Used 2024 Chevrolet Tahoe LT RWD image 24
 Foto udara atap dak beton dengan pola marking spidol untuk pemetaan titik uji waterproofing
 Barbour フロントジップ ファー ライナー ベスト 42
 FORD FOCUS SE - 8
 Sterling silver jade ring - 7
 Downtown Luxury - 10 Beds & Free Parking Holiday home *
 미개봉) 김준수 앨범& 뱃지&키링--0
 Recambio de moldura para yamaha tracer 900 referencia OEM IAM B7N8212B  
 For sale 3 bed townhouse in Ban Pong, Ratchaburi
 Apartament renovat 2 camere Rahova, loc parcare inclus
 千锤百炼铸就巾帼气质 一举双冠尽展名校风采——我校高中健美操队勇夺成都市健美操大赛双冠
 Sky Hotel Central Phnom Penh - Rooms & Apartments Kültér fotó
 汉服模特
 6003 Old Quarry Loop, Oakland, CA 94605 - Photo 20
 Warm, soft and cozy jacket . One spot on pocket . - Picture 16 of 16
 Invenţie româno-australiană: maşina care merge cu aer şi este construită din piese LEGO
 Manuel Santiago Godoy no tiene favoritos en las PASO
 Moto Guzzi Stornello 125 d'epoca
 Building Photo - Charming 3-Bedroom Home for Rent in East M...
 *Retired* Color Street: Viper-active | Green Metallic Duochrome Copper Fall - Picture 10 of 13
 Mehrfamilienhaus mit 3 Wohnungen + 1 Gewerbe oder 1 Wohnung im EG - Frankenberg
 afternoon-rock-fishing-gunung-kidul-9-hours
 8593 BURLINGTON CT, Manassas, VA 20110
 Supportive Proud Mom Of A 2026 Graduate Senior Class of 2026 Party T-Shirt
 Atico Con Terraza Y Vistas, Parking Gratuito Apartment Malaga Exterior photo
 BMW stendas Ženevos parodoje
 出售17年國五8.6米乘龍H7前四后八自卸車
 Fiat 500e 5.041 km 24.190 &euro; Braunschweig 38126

§

Exercise description: Your task is to reproduce exactly the lines from the one with "Barbour フロントジップ ファー ライナー ベスト 42" through the end of the listing. Both ends belong in the answer.

Solution to this problem:
 Barbour フロントジップ ファー ライナー ベスト 42
 FORD FOCUS SE - 8
 Sterling silver jade ring - 7
 Downtown Luxury - 10 Beds & Free Parking Holiday home *
 미개봉) 김준수 앨범& 뱃지&키링--0
 Recambio de moldura para yamaha tracer 900 referencia OEM IAM B7N8212B  
 For sale 3 bed townhouse in Ban Pong, Ratchaburi
 Apartament renovat 2 camere Rahova, loc parcare inclus
 千锤百炼铸就巾帼气质 一举双冠尽展名校风采——我校高中健美操队勇夺成都市健美操大赛双冠
 Sky Hotel Central Phnom Penh - Rooms & Apartments Kültér fotó
 汉服模特
 6003 Old Quarry Loop, Oakland, CA 94605 - Photo 20
 Warm, soft and cozy jacket . One spot on pocket . - Picture 16 of 16
 Invenţie româno-australiană: maşina care merge cu aer şi este construită din piese LEGO
 Manuel Santiago Godoy no tiene favoritos en las PASO
 Moto Guzzi Stornello 125 d'epoca
 Building Photo - Charming 3-Bedroom Home for Rent in East M...
 *Retired* Color Street: Viper-active | Green Metallic Duochrome Copper Fall - Picture 10 of 13
 Mehrfamilienhaus mit 3 Wohnungen + 1 Gewerbe oder 1 Wohnung im EG - Frankenberg
 afternoon-rock-fishing-gunung-kidul-9-hours
 8593 BURLINGTON CT, Manassas, VA 20110
 Supportive Proud Mom Of A 2026 Graduate Senior Class of 2026 Party T-Shirt
 Atico Con Terraza Y Vistas, Parking Gratuito Apartment Malaga Exterior photo
 BMW stendas Ženevos parodoje
 出售17年國五8.6米乘龍H7前四后八自卸車
 Fiat 500e 5.041 km 24.190 &euro; Braunschweig 38126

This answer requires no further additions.